Now .. how do you become happy in the present? By realizing that the past does not have any influence over you! That the past was in the past and is not happening right now. Search for happiness in the present moment. And be with it.
I know those two paragraphs are sort of contradictory, but hold on to one of them, and the other one follows. Either be totally complete with the past, so that it stops having any influence on you in the present, or realize that the past can in no way actually have any influence over your present and then find that the past is complete. Either way, realize the power of Now and stop giving power to the Then.
Too often we look for sources of happiness in things outside of us. Like buying new things, adventure, relationships etc. But soon after getting that, unhappiness manifests itself again. And then we again try to look for happiness in our environment. This has no end. Ultimately we will die unhappy or in a state of temporary happiness. The reason is that we feel an incompletion inside of us. The incompletion we try to fill with happiness from where we can get. And yet it never gets filled. Now realize this that there is no incompletion in us. The real us is whole and complete. It is the false identification with the mind/ ego that causes the feeling of incompletion. The Being behind it is whole and complete and that is what you feel when you are happy in the present moment. That feeling eliminates all the unhappiness.

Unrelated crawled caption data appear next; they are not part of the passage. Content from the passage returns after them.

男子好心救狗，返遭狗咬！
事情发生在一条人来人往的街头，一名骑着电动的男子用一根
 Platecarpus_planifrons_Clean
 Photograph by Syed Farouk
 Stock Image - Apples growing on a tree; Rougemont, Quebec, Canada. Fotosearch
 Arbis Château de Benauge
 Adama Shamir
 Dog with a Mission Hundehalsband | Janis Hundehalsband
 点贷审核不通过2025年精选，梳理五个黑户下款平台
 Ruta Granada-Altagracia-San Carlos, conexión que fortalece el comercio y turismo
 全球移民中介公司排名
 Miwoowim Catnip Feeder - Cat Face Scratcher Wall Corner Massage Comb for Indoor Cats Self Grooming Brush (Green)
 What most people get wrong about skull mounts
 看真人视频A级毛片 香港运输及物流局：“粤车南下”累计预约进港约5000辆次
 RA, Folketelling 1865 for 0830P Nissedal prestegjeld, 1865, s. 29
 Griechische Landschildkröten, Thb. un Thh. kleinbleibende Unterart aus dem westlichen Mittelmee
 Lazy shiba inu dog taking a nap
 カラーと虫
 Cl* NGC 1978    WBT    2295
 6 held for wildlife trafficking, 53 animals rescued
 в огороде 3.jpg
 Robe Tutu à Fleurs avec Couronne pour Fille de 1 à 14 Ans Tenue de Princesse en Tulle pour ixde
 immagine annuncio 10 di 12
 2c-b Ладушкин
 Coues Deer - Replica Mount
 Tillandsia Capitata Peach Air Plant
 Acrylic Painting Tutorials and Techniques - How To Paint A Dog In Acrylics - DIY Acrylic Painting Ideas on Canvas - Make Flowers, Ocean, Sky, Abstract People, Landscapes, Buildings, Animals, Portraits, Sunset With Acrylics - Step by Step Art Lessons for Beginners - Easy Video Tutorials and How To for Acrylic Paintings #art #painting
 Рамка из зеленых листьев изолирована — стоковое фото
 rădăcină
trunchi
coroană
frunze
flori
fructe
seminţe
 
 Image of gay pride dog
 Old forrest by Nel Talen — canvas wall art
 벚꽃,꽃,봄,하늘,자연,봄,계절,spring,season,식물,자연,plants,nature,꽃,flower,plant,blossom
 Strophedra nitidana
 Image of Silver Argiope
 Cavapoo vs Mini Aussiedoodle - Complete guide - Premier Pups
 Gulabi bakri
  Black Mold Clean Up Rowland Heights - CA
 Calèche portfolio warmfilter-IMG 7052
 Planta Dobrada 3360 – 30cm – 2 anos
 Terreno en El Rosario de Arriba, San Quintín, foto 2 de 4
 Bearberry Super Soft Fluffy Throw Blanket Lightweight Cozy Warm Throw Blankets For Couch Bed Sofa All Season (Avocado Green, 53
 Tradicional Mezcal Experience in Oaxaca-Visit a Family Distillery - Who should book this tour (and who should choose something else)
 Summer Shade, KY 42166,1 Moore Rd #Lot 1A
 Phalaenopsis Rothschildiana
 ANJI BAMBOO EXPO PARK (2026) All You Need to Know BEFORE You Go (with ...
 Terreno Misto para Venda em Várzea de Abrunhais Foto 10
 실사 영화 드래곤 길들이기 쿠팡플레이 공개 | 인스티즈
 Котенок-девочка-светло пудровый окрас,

Some time back, whenever I was in the state of happiness in the now, my mind would start thinking something like '... but what about the time when that happened .....?'. That was an attempt from the mind to regain control. Now however, I feel my past is complete, and this question arises less & less. It is an ongoing feeling now ... that the past is complete. But the mind has all the tricks up it's sleeve. So now instead of reminding me what happened in the past, it tries to bring limitations from the past into my future. It tries to tell me how I will fail. And temporarily, I feel fear. But then I realize that does it really matter? How can anything make me unhappy or affect me in any way? When I am happy and that happiness is not a function of anything happening on the outside, then nothing in the future too can make me unhappy. The trick is to make this feeling a belief. An unshakable belief.
And then again, the smallest of unhappiness manifests itself in some corner of my mind, without me even being aware of it. And it first starts diminishing the happiness in the now. I only realize it when I feel the smile on my face vanish and my energy drop a bit. But it is so small, that I can hardly feel it. It is only that I do not feel the same ecstasy that I felt in the morning. I mean either I have gotten used to that feeling or there is something trivial at the back of my mind. One of the two. Nothing a bit of mind exercise can not solve.